Si seulement. Les conditions, comme bien souvent, empêchent l'utilisation de mon pouvoir, trop de lumière, trop de soleil ... voilà pourquoi je m'astreint à une vie plutôt nocturne. C'en est presque frustrant de ne pas pouvoir en faire la démonstration quand je le souhaite. Mais l'heure n'est pas aux plaintes, et à vrai dire, mon état d'esprit ne permet même de l'envisager après cette vaine tentative.

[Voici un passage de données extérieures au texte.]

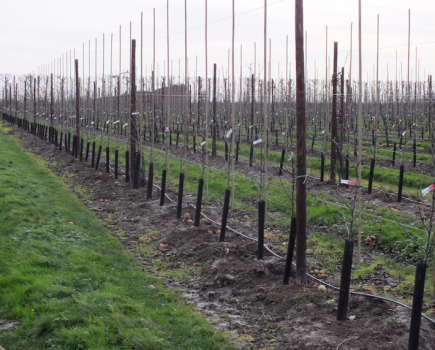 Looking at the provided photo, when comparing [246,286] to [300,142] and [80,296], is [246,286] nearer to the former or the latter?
[300,142]

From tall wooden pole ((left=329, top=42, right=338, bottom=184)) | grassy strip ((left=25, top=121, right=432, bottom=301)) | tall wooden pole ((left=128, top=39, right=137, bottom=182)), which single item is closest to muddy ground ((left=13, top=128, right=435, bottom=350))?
grassy strip ((left=25, top=121, right=432, bottom=301))

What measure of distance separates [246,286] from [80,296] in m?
2.29

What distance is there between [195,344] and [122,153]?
1804 cm

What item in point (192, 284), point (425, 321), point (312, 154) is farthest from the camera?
point (312, 154)

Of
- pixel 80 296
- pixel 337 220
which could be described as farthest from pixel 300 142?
pixel 337 220

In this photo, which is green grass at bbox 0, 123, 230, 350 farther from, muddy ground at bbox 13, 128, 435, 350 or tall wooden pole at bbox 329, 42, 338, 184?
tall wooden pole at bbox 329, 42, 338, 184

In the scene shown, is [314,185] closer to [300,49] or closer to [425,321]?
[300,49]

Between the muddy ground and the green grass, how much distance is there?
40 centimetres

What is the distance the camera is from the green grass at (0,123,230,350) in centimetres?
456

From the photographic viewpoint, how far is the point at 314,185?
45.3 ft

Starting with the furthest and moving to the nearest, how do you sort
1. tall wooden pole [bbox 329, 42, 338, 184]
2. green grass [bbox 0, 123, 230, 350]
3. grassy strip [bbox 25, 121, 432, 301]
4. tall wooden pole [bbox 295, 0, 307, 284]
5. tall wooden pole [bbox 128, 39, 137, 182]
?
tall wooden pole [bbox 128, 39, 137, 182], tall wooden pole [bbox 329, 42, 338, 184], grassy strip [bbox 25, 121, 432, 301], tall wooden pole [bbox 295, 0, 307, 284], green grass [bbox 0, 123, 230, 350]

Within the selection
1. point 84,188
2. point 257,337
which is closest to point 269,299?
point 257,337

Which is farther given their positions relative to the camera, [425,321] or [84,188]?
[84,188]

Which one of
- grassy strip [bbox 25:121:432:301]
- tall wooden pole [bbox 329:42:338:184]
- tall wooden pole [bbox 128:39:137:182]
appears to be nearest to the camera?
grassy strip [bbox 25:121:432:301] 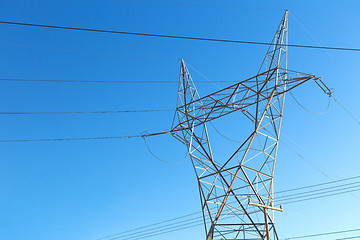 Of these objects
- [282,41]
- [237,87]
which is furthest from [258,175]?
[282,41]

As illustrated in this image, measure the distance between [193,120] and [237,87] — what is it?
360 cm

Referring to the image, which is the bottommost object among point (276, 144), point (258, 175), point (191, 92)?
point (258, 175)

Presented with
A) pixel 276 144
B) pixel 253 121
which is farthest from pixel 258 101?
pixel 276 144

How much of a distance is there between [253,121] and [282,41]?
21.6 feet

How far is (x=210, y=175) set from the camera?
938 inches

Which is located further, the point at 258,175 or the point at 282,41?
the point at 282,41

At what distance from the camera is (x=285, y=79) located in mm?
24312

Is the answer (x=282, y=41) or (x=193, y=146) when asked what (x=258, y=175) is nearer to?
(x=193, y=146)

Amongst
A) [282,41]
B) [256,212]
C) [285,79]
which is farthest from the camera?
[282,41]

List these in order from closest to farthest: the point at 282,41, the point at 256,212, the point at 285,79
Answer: the point at 256,212 → the point at 285,79 → the point at 282,41

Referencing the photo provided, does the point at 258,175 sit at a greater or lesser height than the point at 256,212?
greater

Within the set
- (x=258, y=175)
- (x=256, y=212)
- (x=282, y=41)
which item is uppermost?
(x=282, y=41)

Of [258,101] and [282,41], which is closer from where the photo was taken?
[258,101]

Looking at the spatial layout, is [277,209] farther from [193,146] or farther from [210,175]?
[193,146] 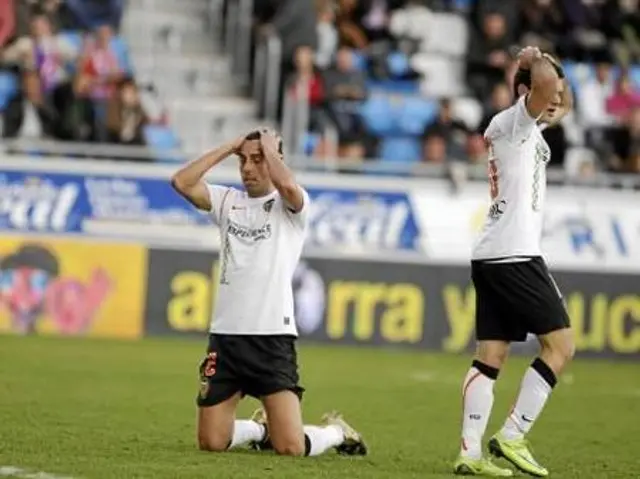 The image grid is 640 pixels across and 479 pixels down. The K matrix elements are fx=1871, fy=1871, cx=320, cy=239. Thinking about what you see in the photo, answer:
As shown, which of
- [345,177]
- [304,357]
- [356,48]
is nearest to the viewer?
[304,357]

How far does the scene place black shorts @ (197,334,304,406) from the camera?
36.0 ft

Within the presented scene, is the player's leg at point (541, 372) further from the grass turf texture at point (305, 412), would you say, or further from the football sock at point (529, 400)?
the grass turf texture at point (305, 412)

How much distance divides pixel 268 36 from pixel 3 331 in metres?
6.14

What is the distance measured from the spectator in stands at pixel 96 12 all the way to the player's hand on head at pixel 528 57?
14.9 m

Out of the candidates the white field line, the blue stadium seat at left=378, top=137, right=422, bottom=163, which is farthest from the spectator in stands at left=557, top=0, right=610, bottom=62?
the white field line

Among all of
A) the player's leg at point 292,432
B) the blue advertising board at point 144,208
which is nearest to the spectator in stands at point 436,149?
the blue advertising board at point 144,208

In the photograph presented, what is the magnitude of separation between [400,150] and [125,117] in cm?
382

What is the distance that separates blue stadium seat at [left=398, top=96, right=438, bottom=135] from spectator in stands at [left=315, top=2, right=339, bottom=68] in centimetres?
136

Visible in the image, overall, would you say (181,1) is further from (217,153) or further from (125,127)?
(217,153)

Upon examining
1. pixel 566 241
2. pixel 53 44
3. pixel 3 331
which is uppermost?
pixel 53 44

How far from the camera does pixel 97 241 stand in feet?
69.6

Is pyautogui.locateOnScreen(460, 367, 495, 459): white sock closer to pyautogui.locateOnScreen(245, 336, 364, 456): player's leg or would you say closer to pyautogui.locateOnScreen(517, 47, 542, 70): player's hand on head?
pyautogui.locateOnScreen(245, 336, 364, 456): player's leg

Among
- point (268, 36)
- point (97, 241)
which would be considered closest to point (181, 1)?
point (268, 36)

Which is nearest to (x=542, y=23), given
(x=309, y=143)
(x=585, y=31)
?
(x=585, y=31) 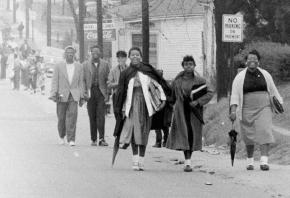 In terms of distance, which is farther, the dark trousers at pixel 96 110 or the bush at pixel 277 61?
the bush at pixel 277 61

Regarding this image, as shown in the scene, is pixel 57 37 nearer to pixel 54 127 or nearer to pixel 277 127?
pixel 54 127

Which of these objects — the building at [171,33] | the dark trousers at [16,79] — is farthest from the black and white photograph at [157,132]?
the dark trousers at [16,79]

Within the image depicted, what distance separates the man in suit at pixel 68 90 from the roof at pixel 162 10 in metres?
20.7

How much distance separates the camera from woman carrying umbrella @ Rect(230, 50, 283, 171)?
15062 mm

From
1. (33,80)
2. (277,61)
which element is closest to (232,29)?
(277,61)

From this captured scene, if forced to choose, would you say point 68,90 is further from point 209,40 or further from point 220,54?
point 209,40

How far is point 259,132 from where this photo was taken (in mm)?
15078

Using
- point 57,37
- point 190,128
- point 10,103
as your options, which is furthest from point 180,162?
point 57,37

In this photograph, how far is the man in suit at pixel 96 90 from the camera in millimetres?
20094

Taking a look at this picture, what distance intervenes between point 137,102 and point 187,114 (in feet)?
2.70

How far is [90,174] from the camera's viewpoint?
47.1 ft

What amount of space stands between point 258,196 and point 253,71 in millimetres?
3266

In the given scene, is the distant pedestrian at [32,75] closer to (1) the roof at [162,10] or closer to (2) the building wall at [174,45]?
(1) the roof at [162,10]

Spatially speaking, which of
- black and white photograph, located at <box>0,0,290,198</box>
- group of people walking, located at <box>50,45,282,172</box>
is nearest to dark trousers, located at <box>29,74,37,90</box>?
black and white photograph, located at <box>0,0,290,198</box> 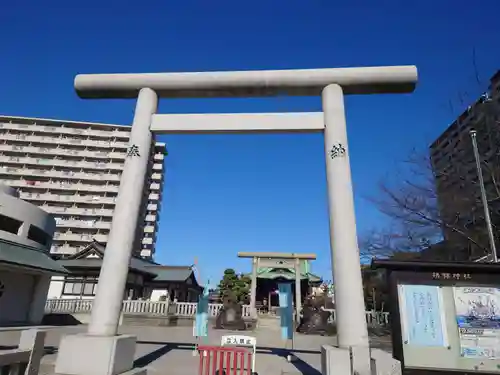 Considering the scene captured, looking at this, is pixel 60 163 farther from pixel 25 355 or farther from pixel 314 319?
pixel 25 355

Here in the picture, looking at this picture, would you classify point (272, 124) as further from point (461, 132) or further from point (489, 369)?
point (461, 132)

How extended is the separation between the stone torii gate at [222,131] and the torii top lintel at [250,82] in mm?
22

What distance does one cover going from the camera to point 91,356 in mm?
5449

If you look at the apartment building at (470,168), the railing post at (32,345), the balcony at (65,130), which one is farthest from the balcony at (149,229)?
the railing post at (32,345)

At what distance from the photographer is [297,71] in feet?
24.7

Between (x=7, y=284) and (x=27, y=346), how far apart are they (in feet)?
53.7

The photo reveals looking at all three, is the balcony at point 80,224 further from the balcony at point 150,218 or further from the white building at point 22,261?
the white building at point 22,261

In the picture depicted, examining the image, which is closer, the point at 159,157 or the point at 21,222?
the point at 21,222

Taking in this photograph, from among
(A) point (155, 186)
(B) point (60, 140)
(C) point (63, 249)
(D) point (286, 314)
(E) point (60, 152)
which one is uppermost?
(B) point (60, 140)

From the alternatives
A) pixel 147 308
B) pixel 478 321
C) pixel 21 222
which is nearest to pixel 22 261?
pixel 21 222

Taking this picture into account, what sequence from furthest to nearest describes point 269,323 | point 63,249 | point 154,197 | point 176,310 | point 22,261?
point 154,197 → point 63,249 → point 176,310 → point 269,323 → point 22,261

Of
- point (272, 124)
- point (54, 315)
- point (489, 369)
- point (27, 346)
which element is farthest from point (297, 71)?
point (54, 315)

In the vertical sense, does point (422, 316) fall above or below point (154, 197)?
below

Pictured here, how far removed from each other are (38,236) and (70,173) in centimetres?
5658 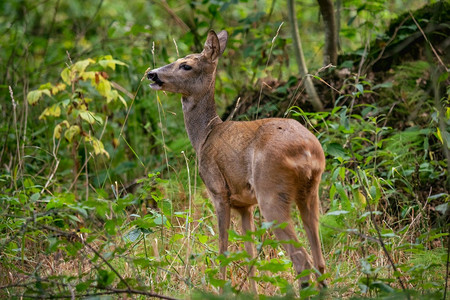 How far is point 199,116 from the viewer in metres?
5.25

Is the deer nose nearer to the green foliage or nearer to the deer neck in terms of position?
the green foliage

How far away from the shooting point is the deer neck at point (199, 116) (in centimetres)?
519

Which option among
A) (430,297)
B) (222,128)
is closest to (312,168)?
(222,128)

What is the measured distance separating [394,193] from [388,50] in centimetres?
216

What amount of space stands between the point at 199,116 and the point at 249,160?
969mm

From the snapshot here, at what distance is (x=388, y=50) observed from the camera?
7.35 m

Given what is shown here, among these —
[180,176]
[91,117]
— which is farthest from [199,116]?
[180,176]

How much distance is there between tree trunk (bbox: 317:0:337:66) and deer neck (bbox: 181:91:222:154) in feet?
8.22

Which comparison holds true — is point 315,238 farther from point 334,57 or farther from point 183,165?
point 334,57

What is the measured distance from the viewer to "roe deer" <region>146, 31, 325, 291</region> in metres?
4.12

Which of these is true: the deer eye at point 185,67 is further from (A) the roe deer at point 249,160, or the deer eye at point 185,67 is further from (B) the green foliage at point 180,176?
(B) the green foliage at point 180,176

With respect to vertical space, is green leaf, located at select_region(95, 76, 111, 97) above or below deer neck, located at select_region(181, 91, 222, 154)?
below

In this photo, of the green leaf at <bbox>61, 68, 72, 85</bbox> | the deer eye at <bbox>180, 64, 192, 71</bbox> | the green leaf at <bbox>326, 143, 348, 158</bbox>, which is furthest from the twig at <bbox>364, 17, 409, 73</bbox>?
the green leaf at <bbox>61, 68, 72, 85</bbox>

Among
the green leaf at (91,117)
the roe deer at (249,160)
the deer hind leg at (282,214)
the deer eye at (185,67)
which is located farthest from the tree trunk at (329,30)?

Je ne relève alors qu'a peine la remarque de l'aventurière aux cheveux albâtre, le sourire aux lèvres, bien conscient que cela ne risque pas de se produire.
La discussion se met alors à tourner autour de ma tenue, qui au passage, manque de perdre un élément supplémentaire, qui pour l'instant n'est qu'en partie ôté. La faute à la chaleur ambiante assurément, le breuvage n'avait que réchauffé ma gorge lors des premiers passage, pas l'ensemble de mon corps pensais-je. Bien plus détendu dans ma tenue, que dans ma gestuelle, allant même jusqu'à me rapprocher de Jaina pour lui parler, chose que les autres sont plutôt habitués à faire en ma présence, gardant généralement une certaine distance. Un rien se met à m'amuser, le simple fait d'appliquer le conseil de mon interlocutrice en étant le parfait exemple.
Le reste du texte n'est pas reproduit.